Dataset records:
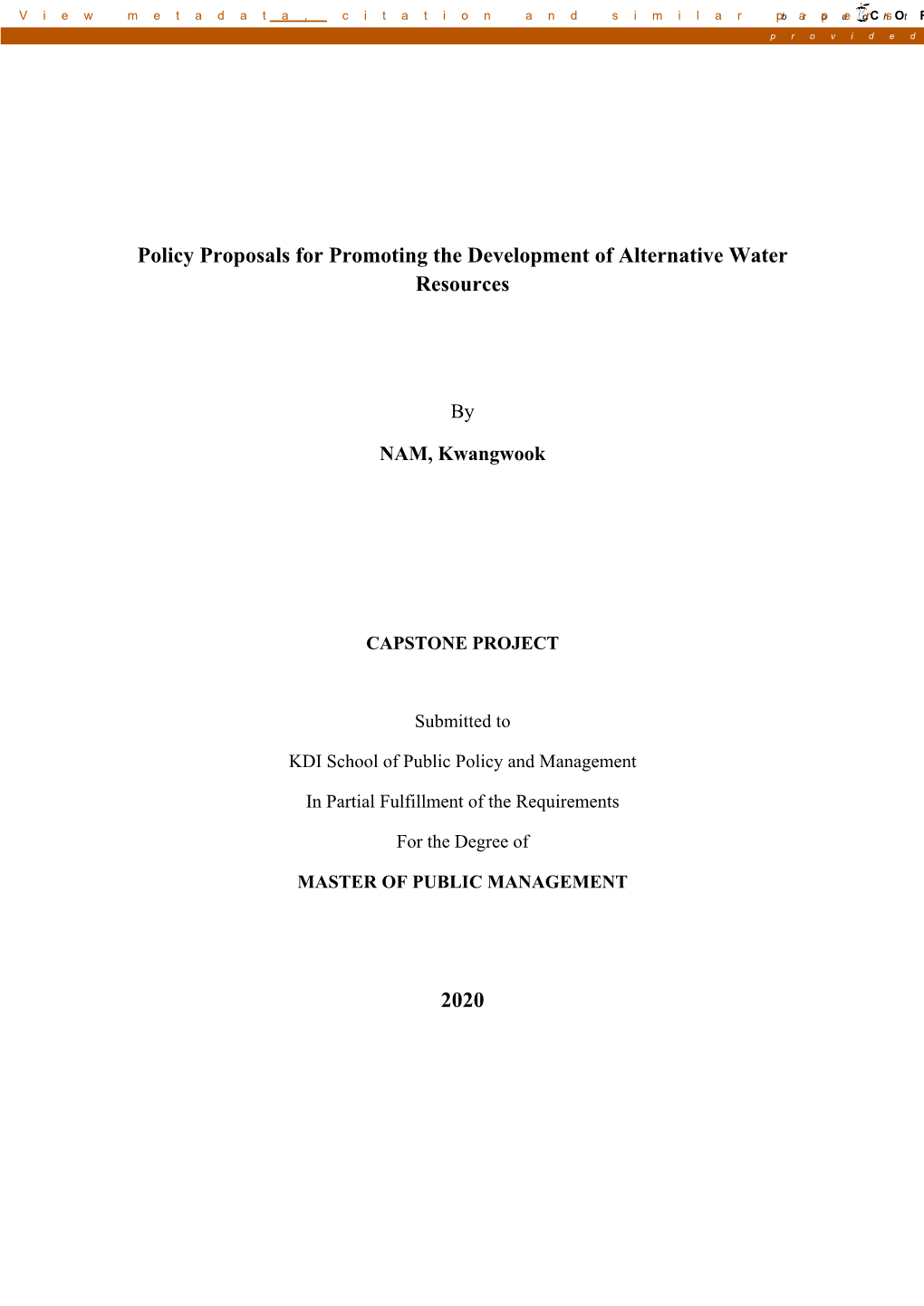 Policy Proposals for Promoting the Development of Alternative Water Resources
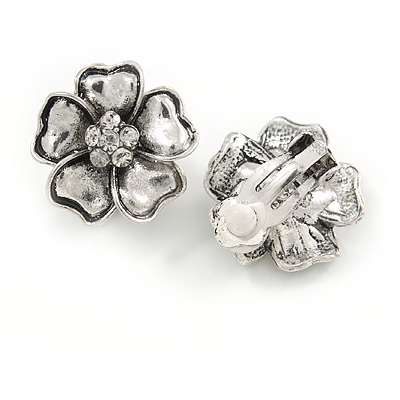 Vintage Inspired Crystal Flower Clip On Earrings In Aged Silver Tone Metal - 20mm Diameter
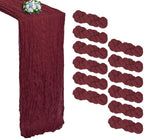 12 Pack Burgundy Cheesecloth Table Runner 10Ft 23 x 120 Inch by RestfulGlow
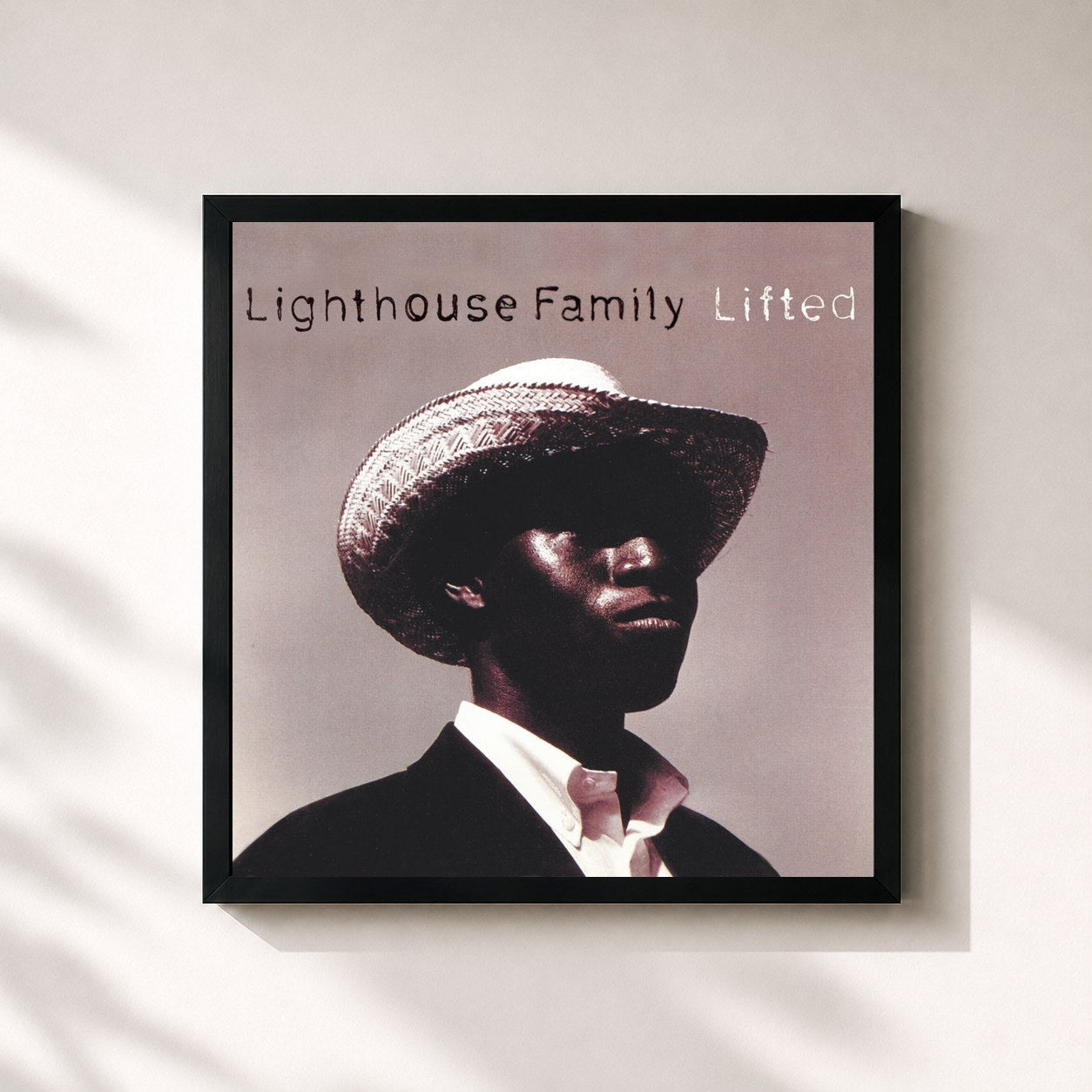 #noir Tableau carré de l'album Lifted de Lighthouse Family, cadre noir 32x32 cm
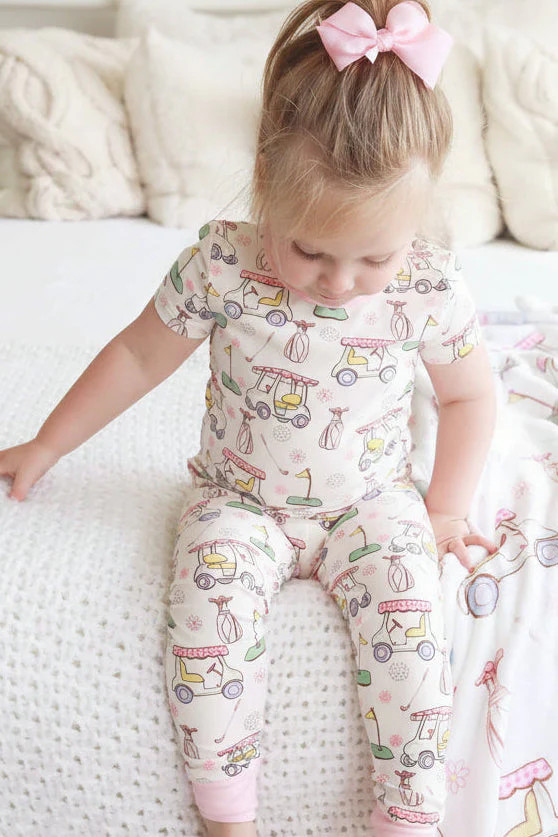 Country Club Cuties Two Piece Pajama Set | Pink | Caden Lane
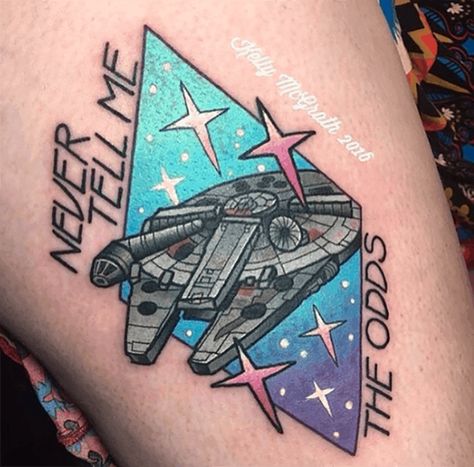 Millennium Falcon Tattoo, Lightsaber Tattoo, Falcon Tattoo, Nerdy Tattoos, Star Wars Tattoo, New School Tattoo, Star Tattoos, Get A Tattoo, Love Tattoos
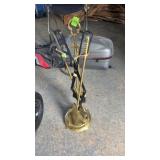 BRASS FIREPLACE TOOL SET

(What to do):
Before duplicating, set the pictures aside; then output exactly the lines from the one with "Millennium Falcon Tattoo, Lightsaber" through the end of the records, and only those.

(Task result):
 Millennium Falcon Tattoo, Lightsaber Tattoo, Falcon Tattoo, Nerdy Tattoos, Star Wars Tattoo, New School Tattoo, Star Tattoos, Get A Tattoo, Love Tattoos
 BRASS FIREPLACE TOOL SET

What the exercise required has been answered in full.